Step 3: Order of Upgrade Operations
-Upgrade your solution
-Upgrade Solr
-Restore Production Data into internal environment(s)
-Upgrade Sitecore
-Post upgrade operations
-Verify build and deploy processes.

Step 4: THE FUN PART

Solution Upgrade
-Update all Sitecore references for all projects in your solution to Sitecore 8.2. This will break things so you would need to spot treat.
-Upgrade every project in your solution to .NET Framework 4.5.2. This could also break things.
-If you have Sitecore Shared Source Modules integrated in your solution they will break too, but it’s all good, sometimes you have to break it to make it!

Solr Upgrade
I followed directions from these excellent posts listed below:

Sitecore Link: https://doc.sitecore.net/sitecore_experience_platform/80/setting_up__maintaining/search_and_indexing/walkthrough_setting_up_solr#_Preparing_Solr

Blog: https://soen.ghost.io/setting-up-solr-for-sitecore-8-x/

Leave the Sitecore index generation part to come back to after you have upgraded Sitecore and are ready to connect Sitecore Indexes to Solr Cores.

Prepare Upgrade Skeleton for IIS Webroot
-Execute a vanilla Sitecore install for Sitecore 8.2.
https://dev.sitecore.net/Downloads/Sitecore_Experience_Platform/82/Sitecore_Experience_Platform_82_Initial_Release.aspx

Configuration of servers
Configuring Servers
Database connection strings for configuring servers

Configure CD and CMS servers
Configure a content management server
Configure a content delivery server

Configure other servers as needed
Configure a processing server
Configure a reporting service server

For additional information regarding xDB set-up refer to Sitecore xDB

Restore Production Data
-Use the Sitecore Sidekick Content Migration tool for this. If you don’t have this tool installed in production, restore production data the traditional way in the environment closest to production – i.e. Staging/UAT/Pre-Prod – and then pull data from there.
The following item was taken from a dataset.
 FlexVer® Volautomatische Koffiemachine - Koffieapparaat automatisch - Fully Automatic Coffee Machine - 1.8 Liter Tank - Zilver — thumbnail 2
-Install the Nuget package on the solution. Make sure your web project is selected as default project. Here is what the pst Nuget Package install looks like:

pst-nuget-package-install

Copy following files to other environment’s CMS install instance:

sitecore-side-kick-files-1

sitecore-side-kick-files-2

Upgrade Sitecore
Revisit what you have accomplished:
-Solution upgraded
-Solr core set-up complete
-Production content restored and/or ready to be pulled down

Next, follow Sitecore Express Migration Tool Guide without skipping any steps.

Once the migration is completed successfully, prepare for the post upgrade steps as directed in the guide plus the next section.

Migrate IIS Website
Now is when you would need to be a domain expert as well as be able to read and understand Sitecore configs. I had to open few tickets with Sitecore for some of the settings I had on the existing solution.

-Compare/merge your configs
*config
*Custom application configurations files
*Configs installed as part of any of the Sitecore Shared Modules
*Deploy the binaries and files of your site to the vanilla Sitecore Webroot that is pointing to your upgraded set of Sitecore databases.

At the end of this step you should have a functional, upgraded Sitecore website sans some final fine tuning. You’re almost there!

Post Upgrade Operations
-Update Solr schema for any custom indexes you might have on your Sitecore instance
-Rebuild indexes
-Publish your site
-Test your site locally – making sure nothing else is missing and none of the site features are compromised including but not limited to:
*Analytics
*SEO
*ADA/WCAG 2.0
*Custom marketing components (tags, click campaigns etc.)

QA/UAT/Release
-Verify or restore the build/deploy processes for your application
-Install blank Sitecore databases in which environment is next
-Run the migration tool
-Deploy the web root
-Test the site > Fix the issue > Redeploy – this might take a few attempts

You did it! You are now ready to help your client enjoy many of the Sitecore 8.2 experience features to boost their business!